Some HTTP status codes:

1xx: request received, continuing process
2xx: request successful
- 200: OK
3xx: redirection
- 301/308: permanent redirect. The latter enforces that the request method (e.g. GET, POST) cannot change
- 302/307: temporary redirect. The latter enforces that the request method (e.g. GET, POST) cannot change
- 304: not modified since If-Modified-Since value
4xx: client error
- 400: bad request
- 404: not found
5xx: server error
- 500: internal server error
- 502: bad gateway (proxy/gateway received invalid response from upstream server)
- 503: service unavailable (e.g. overloaded)
- 505: HTTP version not supported

Cookies: User-Server State

HTTP is stateless, so to identify users cookies are used. There are four components:

Cookie header line in HTTP response message
- Multiple Set-cookie lines can be sent
- The header format is Set-cookie: cookie_name=cookie_value
  - By default, cookies are session cookies which are deleted after the current session ends
  - ; Expires = DoW, dd mmm yyyy, hh:mm:ss ttt; can be appended to make it a permanent cookie
  - ; Secure; ensures it is only sent on HTTPS connections
  - ; HttpOnly ensures it is not accessible through JS
Cookie header line in HTTP request message
- cookie: cookie1_name=cookie1_value; cookie2_name=cookie2_value...
Cookie file kept on the client and managed by the browser
Server’s database storing cookies

Web Caches (Proxy Servers)

Proxy servers sit between the origin server and client. There can be multiple proxy servers, one of which will hopefully be closer to the client than the origin server.

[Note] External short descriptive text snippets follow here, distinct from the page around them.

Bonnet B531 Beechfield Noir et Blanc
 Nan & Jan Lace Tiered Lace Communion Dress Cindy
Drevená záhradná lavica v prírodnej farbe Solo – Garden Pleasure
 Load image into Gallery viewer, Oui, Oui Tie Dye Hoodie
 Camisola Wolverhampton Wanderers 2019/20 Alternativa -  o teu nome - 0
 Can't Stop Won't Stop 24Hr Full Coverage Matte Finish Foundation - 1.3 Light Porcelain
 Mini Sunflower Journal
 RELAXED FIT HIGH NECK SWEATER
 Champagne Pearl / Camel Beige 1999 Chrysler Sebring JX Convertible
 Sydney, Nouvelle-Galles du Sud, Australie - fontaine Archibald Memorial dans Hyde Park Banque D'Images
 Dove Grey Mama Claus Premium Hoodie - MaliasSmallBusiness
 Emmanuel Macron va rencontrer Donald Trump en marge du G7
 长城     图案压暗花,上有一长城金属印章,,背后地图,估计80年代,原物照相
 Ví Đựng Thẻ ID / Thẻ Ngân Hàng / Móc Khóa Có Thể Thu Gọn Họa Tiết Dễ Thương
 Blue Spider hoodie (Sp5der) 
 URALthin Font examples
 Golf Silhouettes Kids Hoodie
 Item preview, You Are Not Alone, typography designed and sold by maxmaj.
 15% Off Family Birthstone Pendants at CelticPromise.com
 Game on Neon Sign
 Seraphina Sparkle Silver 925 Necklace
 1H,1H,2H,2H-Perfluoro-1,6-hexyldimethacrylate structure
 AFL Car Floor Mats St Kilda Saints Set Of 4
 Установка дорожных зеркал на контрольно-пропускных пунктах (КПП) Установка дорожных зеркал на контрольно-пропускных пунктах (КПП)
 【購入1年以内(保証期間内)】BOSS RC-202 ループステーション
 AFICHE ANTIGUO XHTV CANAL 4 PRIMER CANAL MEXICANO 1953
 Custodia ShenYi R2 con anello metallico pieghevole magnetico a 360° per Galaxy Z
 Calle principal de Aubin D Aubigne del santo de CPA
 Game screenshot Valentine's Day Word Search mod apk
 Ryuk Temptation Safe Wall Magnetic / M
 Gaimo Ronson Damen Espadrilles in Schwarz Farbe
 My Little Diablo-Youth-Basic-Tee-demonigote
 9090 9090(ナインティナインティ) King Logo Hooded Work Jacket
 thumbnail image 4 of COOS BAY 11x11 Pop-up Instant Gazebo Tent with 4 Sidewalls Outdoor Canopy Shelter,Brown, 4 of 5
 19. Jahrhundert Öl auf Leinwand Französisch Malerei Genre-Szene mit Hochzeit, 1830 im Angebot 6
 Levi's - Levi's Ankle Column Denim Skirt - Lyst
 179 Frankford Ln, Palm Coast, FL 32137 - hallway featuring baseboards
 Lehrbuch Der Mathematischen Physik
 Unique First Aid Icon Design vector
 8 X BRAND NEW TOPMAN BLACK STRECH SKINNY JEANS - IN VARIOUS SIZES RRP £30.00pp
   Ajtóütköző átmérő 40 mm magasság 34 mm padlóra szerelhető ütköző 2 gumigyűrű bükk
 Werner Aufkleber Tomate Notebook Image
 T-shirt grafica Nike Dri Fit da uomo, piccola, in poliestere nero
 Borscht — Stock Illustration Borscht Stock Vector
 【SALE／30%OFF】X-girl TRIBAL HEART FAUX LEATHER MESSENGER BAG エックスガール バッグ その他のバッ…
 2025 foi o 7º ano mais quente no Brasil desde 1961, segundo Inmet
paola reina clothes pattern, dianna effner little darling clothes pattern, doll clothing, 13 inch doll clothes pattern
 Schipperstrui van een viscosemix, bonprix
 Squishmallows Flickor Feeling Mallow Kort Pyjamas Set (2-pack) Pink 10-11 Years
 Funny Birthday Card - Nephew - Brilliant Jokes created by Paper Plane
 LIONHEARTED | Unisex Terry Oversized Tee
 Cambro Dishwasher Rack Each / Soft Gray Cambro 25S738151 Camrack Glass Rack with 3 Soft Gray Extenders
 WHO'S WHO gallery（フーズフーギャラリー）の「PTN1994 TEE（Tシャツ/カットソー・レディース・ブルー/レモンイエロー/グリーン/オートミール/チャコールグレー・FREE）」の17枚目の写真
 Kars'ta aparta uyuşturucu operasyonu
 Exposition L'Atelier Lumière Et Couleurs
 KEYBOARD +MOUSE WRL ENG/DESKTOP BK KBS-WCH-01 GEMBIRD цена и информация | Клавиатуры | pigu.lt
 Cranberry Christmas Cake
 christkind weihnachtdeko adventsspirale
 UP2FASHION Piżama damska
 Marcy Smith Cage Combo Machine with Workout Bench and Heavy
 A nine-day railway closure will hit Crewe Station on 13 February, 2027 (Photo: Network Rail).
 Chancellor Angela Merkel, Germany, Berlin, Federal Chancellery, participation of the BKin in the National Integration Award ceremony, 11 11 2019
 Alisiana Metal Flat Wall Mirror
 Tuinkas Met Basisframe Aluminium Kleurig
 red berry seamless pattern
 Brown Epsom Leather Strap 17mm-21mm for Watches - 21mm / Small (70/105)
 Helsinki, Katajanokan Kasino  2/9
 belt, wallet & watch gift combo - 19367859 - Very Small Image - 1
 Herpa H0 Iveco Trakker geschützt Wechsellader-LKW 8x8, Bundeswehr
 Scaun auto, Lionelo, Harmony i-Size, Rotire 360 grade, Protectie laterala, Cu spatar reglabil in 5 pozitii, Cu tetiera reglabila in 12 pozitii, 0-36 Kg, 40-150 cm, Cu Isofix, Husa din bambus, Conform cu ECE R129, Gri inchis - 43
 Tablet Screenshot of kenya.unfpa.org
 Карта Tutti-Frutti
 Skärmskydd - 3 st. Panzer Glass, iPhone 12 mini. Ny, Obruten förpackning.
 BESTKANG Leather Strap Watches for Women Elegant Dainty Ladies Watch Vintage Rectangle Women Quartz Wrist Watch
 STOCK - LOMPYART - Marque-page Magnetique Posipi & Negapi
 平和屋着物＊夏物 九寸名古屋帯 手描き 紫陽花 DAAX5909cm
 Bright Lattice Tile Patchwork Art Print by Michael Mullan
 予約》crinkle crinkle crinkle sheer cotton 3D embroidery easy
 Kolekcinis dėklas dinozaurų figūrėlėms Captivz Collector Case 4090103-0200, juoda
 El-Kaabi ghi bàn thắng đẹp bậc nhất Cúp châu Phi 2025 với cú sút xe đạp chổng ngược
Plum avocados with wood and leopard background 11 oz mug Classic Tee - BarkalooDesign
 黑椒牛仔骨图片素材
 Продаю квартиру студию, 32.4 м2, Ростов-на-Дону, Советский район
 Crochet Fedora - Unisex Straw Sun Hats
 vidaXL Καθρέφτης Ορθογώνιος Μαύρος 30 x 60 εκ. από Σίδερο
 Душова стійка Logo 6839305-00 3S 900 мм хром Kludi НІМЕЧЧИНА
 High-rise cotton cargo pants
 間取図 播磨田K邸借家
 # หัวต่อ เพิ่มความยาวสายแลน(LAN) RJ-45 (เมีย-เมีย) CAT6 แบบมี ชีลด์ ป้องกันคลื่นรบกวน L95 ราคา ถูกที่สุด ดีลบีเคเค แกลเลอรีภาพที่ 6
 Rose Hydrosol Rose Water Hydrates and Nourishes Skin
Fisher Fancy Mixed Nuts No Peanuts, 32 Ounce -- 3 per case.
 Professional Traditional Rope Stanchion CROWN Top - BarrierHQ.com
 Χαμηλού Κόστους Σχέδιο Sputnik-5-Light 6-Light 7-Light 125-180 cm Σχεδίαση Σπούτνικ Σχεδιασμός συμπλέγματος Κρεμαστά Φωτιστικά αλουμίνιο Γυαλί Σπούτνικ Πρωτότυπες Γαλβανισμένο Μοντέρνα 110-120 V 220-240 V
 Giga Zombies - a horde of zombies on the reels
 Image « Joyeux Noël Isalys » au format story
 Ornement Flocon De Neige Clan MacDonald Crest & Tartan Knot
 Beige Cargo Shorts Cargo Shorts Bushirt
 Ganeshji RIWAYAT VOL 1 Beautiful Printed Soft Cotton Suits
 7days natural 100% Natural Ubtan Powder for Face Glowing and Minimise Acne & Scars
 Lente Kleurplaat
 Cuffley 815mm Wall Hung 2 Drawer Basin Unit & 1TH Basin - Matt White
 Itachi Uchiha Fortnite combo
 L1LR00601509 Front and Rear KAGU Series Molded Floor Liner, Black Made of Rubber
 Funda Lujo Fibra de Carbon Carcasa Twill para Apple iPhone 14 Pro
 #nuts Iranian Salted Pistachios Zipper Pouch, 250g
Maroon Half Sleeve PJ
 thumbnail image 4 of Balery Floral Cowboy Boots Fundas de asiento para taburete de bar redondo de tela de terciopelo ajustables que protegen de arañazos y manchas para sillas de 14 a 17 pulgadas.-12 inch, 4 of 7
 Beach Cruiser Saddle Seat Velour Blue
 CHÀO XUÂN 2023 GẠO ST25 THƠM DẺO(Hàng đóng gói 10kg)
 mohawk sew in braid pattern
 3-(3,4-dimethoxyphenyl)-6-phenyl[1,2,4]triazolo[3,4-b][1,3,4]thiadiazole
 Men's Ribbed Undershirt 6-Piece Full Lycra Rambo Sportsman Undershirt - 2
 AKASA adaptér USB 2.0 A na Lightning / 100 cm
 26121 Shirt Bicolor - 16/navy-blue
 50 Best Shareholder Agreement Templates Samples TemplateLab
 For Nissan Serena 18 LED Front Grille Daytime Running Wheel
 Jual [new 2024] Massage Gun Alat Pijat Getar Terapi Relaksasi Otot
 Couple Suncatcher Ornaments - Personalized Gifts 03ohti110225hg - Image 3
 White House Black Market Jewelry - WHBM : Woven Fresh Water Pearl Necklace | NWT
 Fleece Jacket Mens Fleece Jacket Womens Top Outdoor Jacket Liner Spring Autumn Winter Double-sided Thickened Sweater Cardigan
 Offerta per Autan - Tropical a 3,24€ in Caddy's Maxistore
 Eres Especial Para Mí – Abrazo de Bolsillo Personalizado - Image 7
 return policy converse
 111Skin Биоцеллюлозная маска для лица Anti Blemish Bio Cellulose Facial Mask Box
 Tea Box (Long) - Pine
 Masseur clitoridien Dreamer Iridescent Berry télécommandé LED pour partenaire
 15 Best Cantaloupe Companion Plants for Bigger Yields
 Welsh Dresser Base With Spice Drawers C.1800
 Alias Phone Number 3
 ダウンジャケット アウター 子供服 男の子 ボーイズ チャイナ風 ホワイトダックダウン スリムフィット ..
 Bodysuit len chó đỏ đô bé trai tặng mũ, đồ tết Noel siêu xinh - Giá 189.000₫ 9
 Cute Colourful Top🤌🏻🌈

The proxy server/cache acts as both a client and server. It helps to:

Reduce response time
Reduce traffic on an institution’s access link
Lower bandwidth costs

If the requested object is in the cache, the browser will use it. Otherwise, it will make a request to the proxy server (and if the proxy does not have the resource, it will in turn make a request to the origin server).

Conditional GET

The server will not send the object if the cache has an up-to-date copy of the object.

Request header: If-modified-since: some_date.

If the object has not been modified since the given date, a 304 Not Modified response will be sent and there will be no body. Otherwise, it will generate a normal 200 OK response.